Stored data:
"""

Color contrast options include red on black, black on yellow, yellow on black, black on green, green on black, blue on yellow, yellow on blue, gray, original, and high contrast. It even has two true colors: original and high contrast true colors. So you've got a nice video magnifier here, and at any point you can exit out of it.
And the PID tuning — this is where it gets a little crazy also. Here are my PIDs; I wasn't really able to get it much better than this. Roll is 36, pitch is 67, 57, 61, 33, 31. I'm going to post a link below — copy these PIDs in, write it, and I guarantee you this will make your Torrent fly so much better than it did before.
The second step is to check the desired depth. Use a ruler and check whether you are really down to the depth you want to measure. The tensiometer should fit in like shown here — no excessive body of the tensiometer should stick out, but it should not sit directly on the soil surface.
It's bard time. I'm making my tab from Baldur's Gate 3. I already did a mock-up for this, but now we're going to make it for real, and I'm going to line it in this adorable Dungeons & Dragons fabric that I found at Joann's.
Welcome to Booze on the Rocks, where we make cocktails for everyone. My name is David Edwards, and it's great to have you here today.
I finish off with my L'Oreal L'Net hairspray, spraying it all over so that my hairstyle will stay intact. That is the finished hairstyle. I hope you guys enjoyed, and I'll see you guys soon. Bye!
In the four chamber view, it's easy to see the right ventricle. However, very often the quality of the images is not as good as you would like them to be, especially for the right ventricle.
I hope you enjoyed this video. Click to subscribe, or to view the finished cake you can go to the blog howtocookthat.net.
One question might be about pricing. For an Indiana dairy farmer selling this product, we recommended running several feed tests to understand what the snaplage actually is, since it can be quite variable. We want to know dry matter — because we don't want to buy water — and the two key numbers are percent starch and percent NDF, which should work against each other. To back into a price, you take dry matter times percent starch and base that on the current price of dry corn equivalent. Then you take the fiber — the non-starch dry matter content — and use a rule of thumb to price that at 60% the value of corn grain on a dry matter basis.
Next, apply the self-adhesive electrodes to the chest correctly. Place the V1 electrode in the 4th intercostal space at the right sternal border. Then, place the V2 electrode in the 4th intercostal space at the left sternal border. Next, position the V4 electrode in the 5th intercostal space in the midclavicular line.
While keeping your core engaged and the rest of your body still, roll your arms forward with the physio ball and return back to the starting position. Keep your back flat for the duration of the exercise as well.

"""

### PROBLEM
Repeat the data in its entirety, word for word.

### EXERCISE ANSWER
Color contrast options include red on black, black on yellow, yellow on black, black on green, green on black, blue on yellow, yellow on blue, gray, original, and high contrast. It even has two true colors: original and high contrast true colors. So you've got a nice video magnifier here, and at any point you can exit out of it.
And the PID tuning — this is where it gets a little crazy also. Here are my PIDs; I wasn't really able to get it much better than this. Roll is 36, pitch is 67, 57, 61, 33, 31. I'm going to post a link below — copy these PIDs in, write it, and I guarantee you this will make your Torrent fly so much better than it did before.
The second step is to check the desired depth. Use a ruler and check whether you are really down to the depth you want to measure. The tensiometer should fit in like shown here — no excessive body of the tensiometer should stick out, but it should not sit directly on the soil surface.
It's bard time. I'm making my tab from Baldur's Gate 3. I already did a mock-up for this, but now we're going to make it for real, and I'm going to line it in this adorable Dungeons & Dragons fabric that I found at Joann's.
Welcome to Booze on the Rocks, where we make cocktails for everyone. My name is David Edwards, and it's great to have you here today.
I finish off with my L'Oreal L'Net hairspray, spraying it all over so that my hairstyle will stay intact. That is the finished hairstyle. I hope you guys enjoyed, and I'll see you guys soon. Bye!
In the four chamber view, it's easy to see the right ventricle. However, very often the quality of the images is not as good as you would like them to be, especially for the right ventricle.
I hope you enjoyed this video. Click to subscribe, or to view the finished cake you can go to the blog howtocookthat.net.
One question might be about pricing. For an Indiana dairy farmer selling this product, we recommended running several feed tests to understand what the snaplage actually is, since it can be quite variable. We want to know dry matter — because we don't want to buy water — and the two key numbers are percent starch and percent NDF, which should work against each other. To back into a price, you take dry matter times percent starch and base that on the current price of dry corn equivalent. Then you take the fiber — the non-starch dry matter content — and use a rule of thumb to price that at 60% the value of corn grain on a dry matter basis.
Next, apply the self-adhesive electrodes to the chest correctly. Place the V1 electrode in the 4th intercostal space at the right sternal border. Then, place the V2 electrode in the 4th intercostal space at the left sternal border. Next, position the V4 electrode in the 5th intercostal space in the midclavicular line.
While keeping your core engaged and the rest of your body still, roll your arms forward with the physio ball and return back to the starting position. Keep your back flat for the duration of the exercise as well.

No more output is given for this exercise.